HISTORY REPEATS ITSELF AS MEITUAN XIAO XIANG OPENS OFFLINE STORES
In 2019, I led a group of Dutch supermarket entrepreneurs on a ChinaTechTrip tour to China. One afternoon, I showed them three supermarkets that China’s leading internet companies had launched:
▶️ Hema (Freshippo) by Alibaba
▶️ 7Fresh by Jingdong (JD)
▶️ Xiao Xiang (Ella) by Meituan
7Fresha and Xiao Xiang (literally ‘little elephant’) were clearly ‘inspired’ by Hema. But while the 7Fresh store at Dazu Plaza impressed the group, they were less enthusiastic about Xiao Xiang, which felt like a ‘poor man’s Hema’. Like Hema, it had a variety of seafood swimming in basins and offered home delivery through its app. But compared to Hema, it all just looked a bit shabby in the store.
Meituan had limited offline management capabilities and misjudged the scale of demand. Therefore, it wasn’t a big surprise when the seven Xiao Xiang (Ella) stores disappeared one by one.
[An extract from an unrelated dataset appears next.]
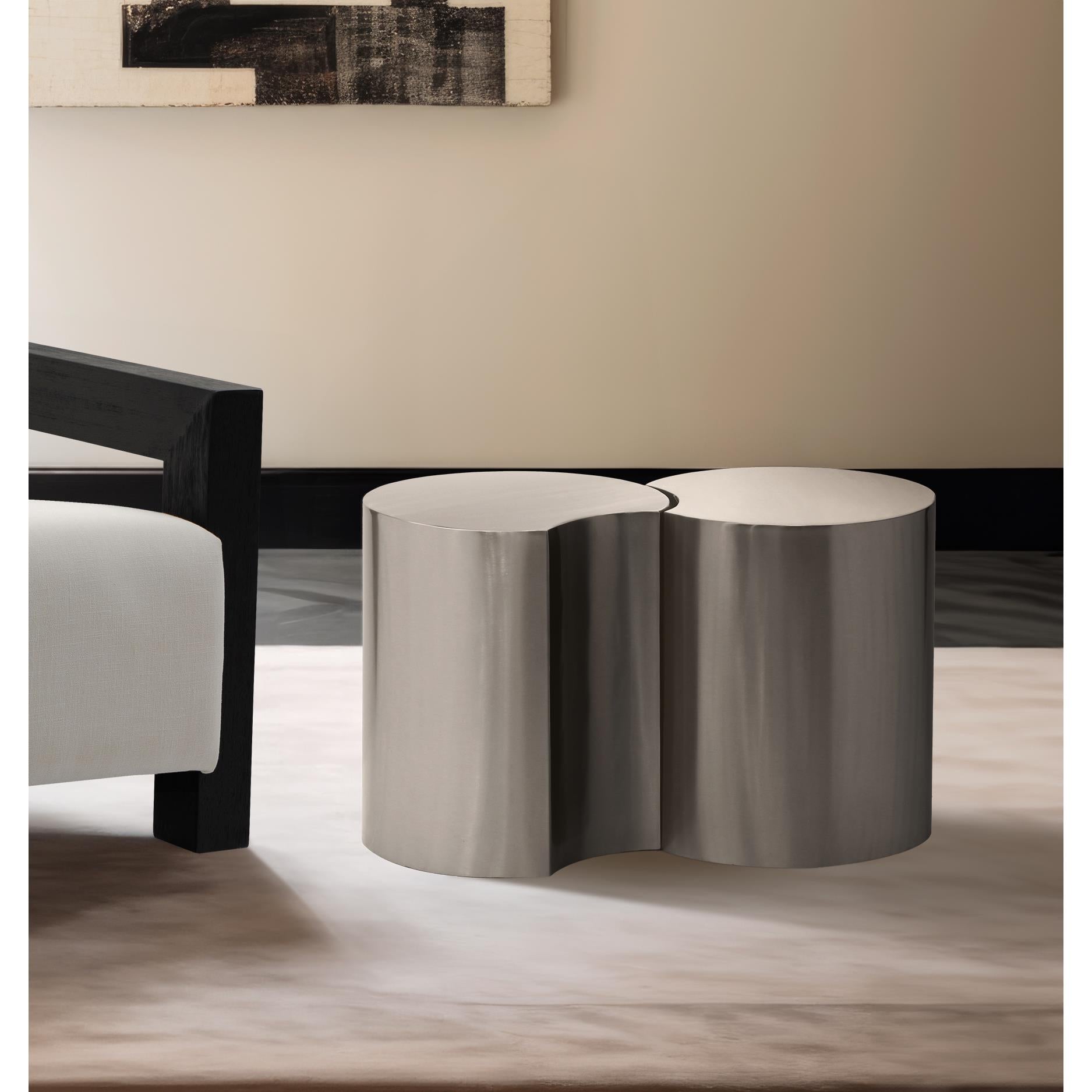 Meridian Dimple Silver End Table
The logo with the little elephant survived in the emblem of Meituan Maicai, Meituan’s grocery delivery store that uses a front-end warehouse approach, like its main competitor Dingdong Maicai. More recently, Meituan Maicai was rebranded to Meituan Xiao Xiang, resurrecting the name of the former offline supermarkets.
Instant retail in China is in full motion. JD launched a food delivery service to enhance the density of its instant retail offerings (I recently published an extensive report on the topic on Tech Buzz China). Fresh and Hema are both opening front-end warehouses, replicating the 'large store + cloud warehouse' model of Sam’s Club. In the front-end warehouse model, consumers place orders through an app and receive their purchases home-delivered within 30-60 minutes.
And now we have come full circle again, as Meituan, which already has front-end warehouses, is planning to open Xiao Xiang offline stores. The business models are converging and getting more homogenous.
Over the past few years, Xiao Xiang has established a strong brand and presence in the grocery delivery market. It is number 1 in the pure front-end warehouse market, with a 30 billion annual GMV. However, it is not fully profitable yet and is now giving offline another try to create an additional income channel.
This time, Meituan is not benchmarking the large Hema Fresh supermarkets (targeting the middle class) but Alibaba's Hema NB (formerly Hema Outlet) supermarkets (targeting the so-called ‘sinking market’ of lower-income cities and urban regions). Xiao Xiang now wants to utilise the supply chain it has built for the front-end warehouses to offer a good selection at low prices through such stores. But Meituan still misses the experience of offline business, so it has started a recruitment drive.
It remains to be seen if Meituan will succeed this time around. Who knows, after more than six years, I might soon be taking foreigners to a Xiao Xiang store again …
Pictures are of the former incarnation of Xiao Xiang.